One of our challenges is that customers come to us with – what they think is – the solution. How might we’s force participants into thinking about objectives instead of detailed solutions. Developers tend to think from technical limitations and business people from procedural limitations. HMW’s reduce creativity blockers like “is this feasible”?

Long term goals & Sprint Goals

Solving today’s challenges might limit our thinking. This is why it can be useful to broaden our horizon and think about what the product would look like a few years from now. We might realise that we are defining a direction that is misaligned with the long term product roadmap. Or, maybe the entire solution will be obsolete in a while.

The sprint objectives will be used to bring us back to reality and to the feasibility of the current design sprint. We will define what the measurable objectives for this sprint are, such that we will be able to verify if the end result of the sprint is successful.

Lightning Demos

It’s not always easy to start sketching from a blank slate. Showing demos of other products is a good way to get inspired. The participants are asked to collect examples from products they like. Those examples can be from products from competitors, but great ideas can also be found in non-related industries.

Concept Sketching

We all have intrinsic creativity. Sometimes it just needs to be activated. By using a few sketching activities, all participants will be guided to coming up with a variety of solutions. We mainly focus on quantity at this stage. Exploring is the objective.

Final Sketches

It’s not always easy to start sketching from a blank slate. Showing demos of other products is a good way to get inspired. The participants are asked to collect examples from products they like. Those examples can be from products from competitors, but great ideas can also be found in non-related industries.

Decide & Prototypes

Putting many small good ideas together doesn’t mean that we’d have one great idea. The decide workshop should have paved the way to create a coherent prototype, that allows us to verify our conceptual choices with the user.
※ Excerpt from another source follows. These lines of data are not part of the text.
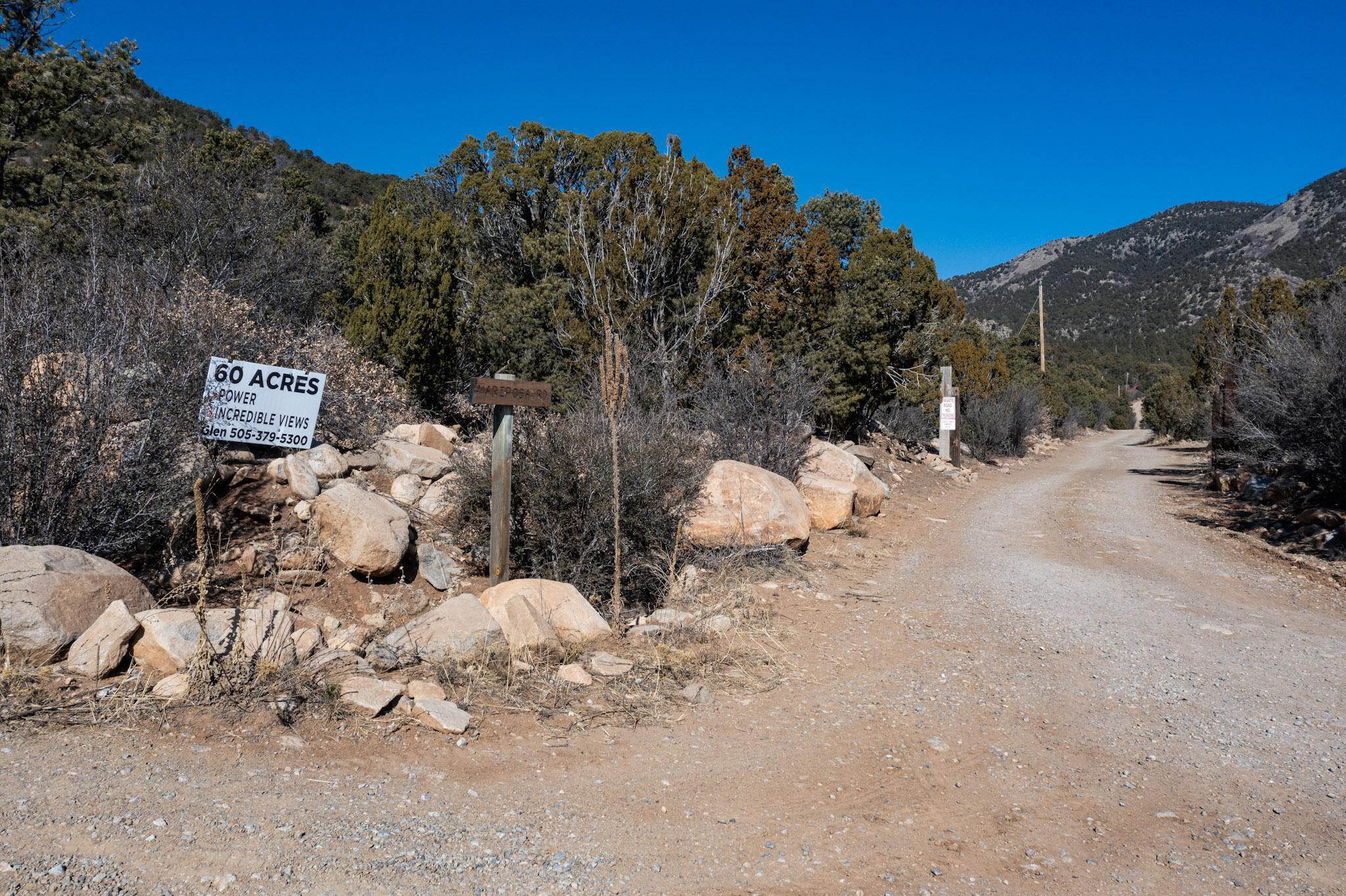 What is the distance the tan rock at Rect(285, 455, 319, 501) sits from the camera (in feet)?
21.1

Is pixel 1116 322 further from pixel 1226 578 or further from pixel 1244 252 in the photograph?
pixel 1226 578

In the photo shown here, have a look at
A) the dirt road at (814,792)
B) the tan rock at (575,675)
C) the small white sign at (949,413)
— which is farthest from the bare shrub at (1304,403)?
the tan rock at (575,675)

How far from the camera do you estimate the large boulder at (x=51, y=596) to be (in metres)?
4.16

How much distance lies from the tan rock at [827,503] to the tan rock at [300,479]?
20.6ft

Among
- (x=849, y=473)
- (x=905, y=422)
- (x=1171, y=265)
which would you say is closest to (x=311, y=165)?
(x=905, y=422)

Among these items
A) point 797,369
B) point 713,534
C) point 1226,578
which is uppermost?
point 797,369

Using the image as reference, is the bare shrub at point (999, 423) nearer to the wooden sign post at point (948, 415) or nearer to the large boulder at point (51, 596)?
the wooden sign post at point (948, 415)

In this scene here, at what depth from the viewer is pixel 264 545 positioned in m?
5.95

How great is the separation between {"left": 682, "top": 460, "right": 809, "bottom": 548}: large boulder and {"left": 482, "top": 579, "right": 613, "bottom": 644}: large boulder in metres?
2.21

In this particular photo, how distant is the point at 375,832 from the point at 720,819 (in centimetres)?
146

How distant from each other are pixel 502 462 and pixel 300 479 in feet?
5.83

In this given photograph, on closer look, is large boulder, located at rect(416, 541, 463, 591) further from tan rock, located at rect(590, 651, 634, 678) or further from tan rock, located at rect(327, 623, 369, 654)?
tan rock, located at rect(590, 651, 634, 678)

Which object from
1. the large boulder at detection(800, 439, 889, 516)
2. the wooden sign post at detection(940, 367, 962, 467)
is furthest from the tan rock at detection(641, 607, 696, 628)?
the wooden sign post at detection(940, 367, 962, 467)

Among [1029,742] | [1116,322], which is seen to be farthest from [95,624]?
[1116,322]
How do we present those concepts? That depends on the context. It’s common to create an interactive prototype that allows the user to click through various pages. However, we are not always designing a digital product. Therefore, there is no single recipe that dictates how to create a prototype and how it should look like.

User Tests

The prototypes will be tested with a handful of users. The insights that are collected will be taken into account when the final findings will be shared with all stakeholders. Presenting the concept from the eyes of the user creates more understanding.

Achievements

  • Increased engagement with our customers, by involving them in a part of the workshops and otherwise by using business alignment workshops to facilitate decision making.
  • Support of customers in moving from asking for solutions to sharing their business objectives.
  • Utilised the unique talent and knowledge of a diverse group of participants and increases team cohesion.
  • Designed products that are in the sweet spot of user desires, business objectives and technical feasibility.
  • Democratised the design process and reduced the risk that individual designers or developers will be held responsible for a group effort.
  • Made enterprise thinking more mobile minded.

Take Aways

  • Design sprints are not the answer to everything. It’s a compromise of an elaborate design process but works well for particular challenges.
  • Scoping is really important in all phases of the sprint. It’s tempting to try to solve too many issues at once.
  • No workshop is the same. It’s ok to let the participants have an influence on the direction of the workshop, as long as the end objective is managed. Introducing unforeseen activities can be effective to ensure smooth progress.
  • Reduced stakeholder investment works. The business alignment workshops were well received and stakeholders felt engaged and influential.
  • Remote workshops work quite well, but attention needs to be paid to the informal aspect of the day. Facilitate coffee-talk conversations.